───── SUPPLIED DATA ─────
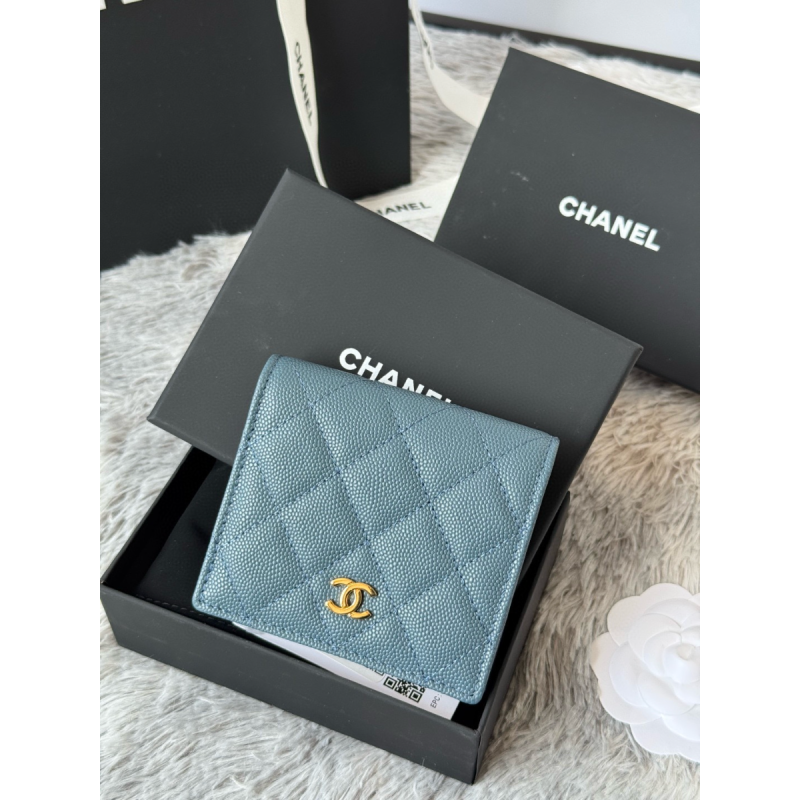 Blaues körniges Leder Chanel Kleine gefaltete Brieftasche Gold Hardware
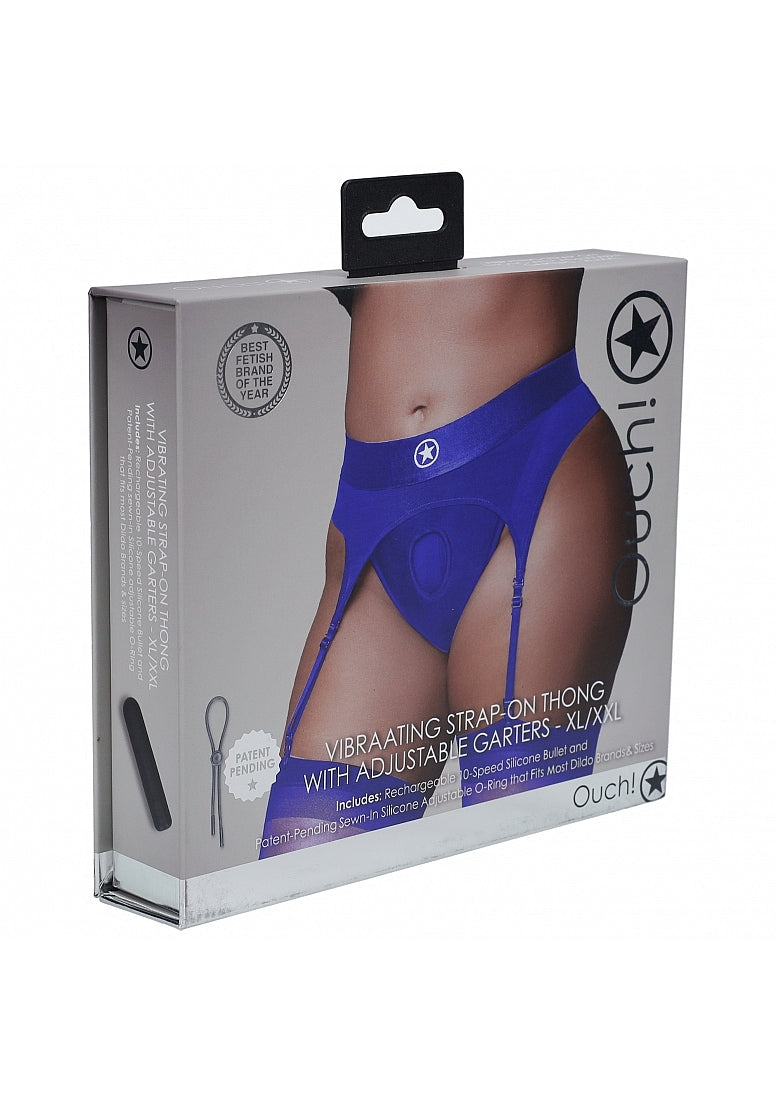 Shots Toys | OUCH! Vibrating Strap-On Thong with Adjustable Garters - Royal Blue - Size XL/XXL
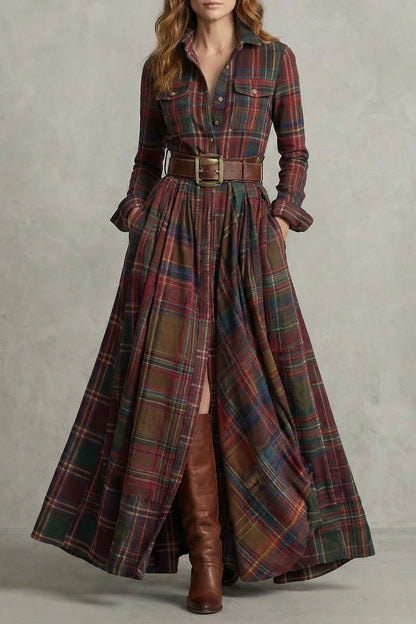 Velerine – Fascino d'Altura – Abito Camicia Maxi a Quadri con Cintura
─────
───── SUPPLIED DATA ─────
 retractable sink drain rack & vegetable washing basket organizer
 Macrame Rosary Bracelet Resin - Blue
─────
───── SUPPLIED DATA ─────
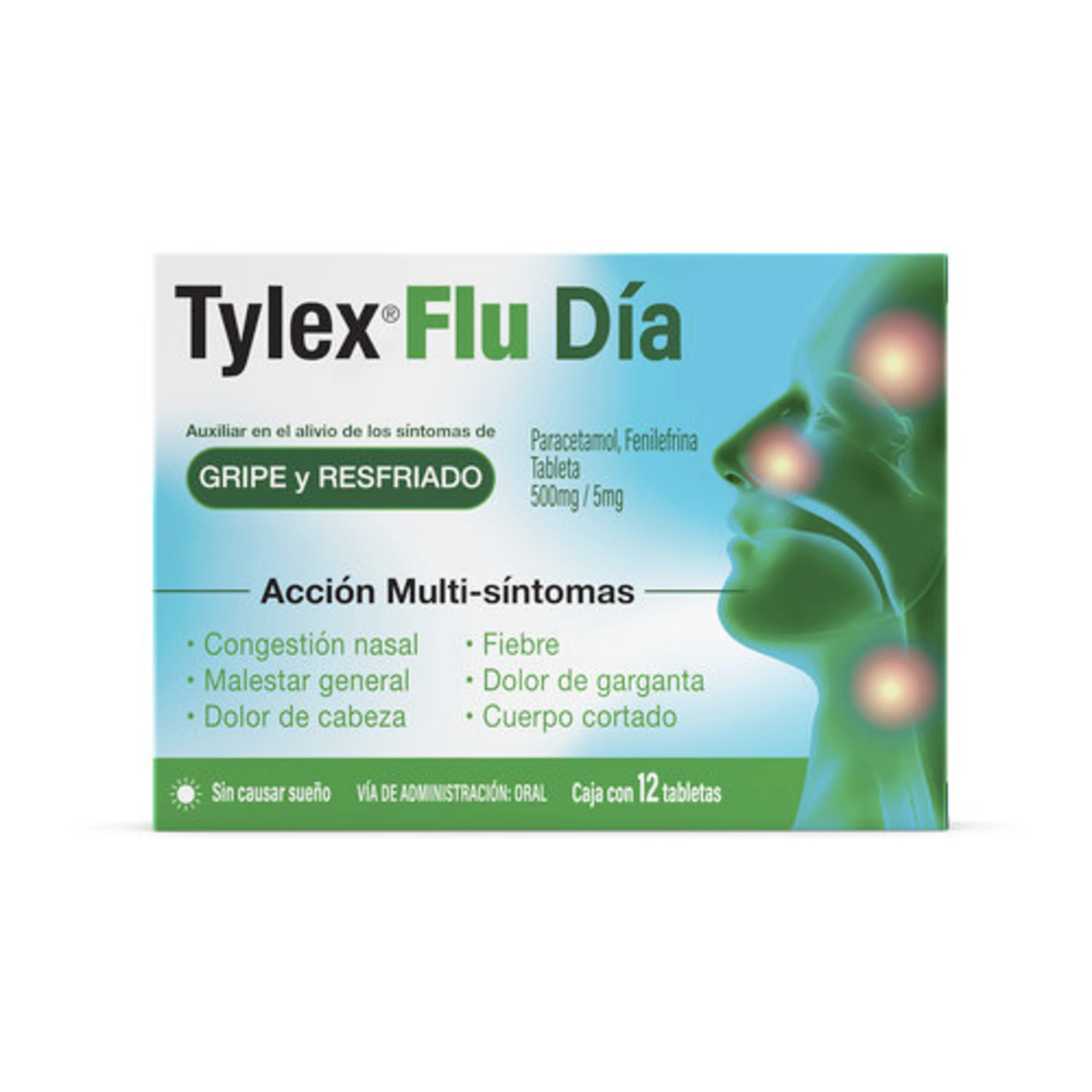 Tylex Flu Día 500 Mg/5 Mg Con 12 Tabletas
─────
TASK DIRECTIONS -> Print nothing but the lines above starting with the line that contains "Blaues körniges Leder" and going on through the line that contains "Velerine – Fascino". Leave out the pictures.

RESPONSE TO THIS EXERCISE ->
 Blaues körniges Leder Chanel Kleine gefaltete Brieftasche Gold Hardware
 Shots Toys | OUCH! Vibrating Strap-On Thong with Adjustable Garters - Royal Blue - Size XL/XXL
 Velerine – Fascino d'Altura – Abito Camicia Maxi a Quadri con Cintura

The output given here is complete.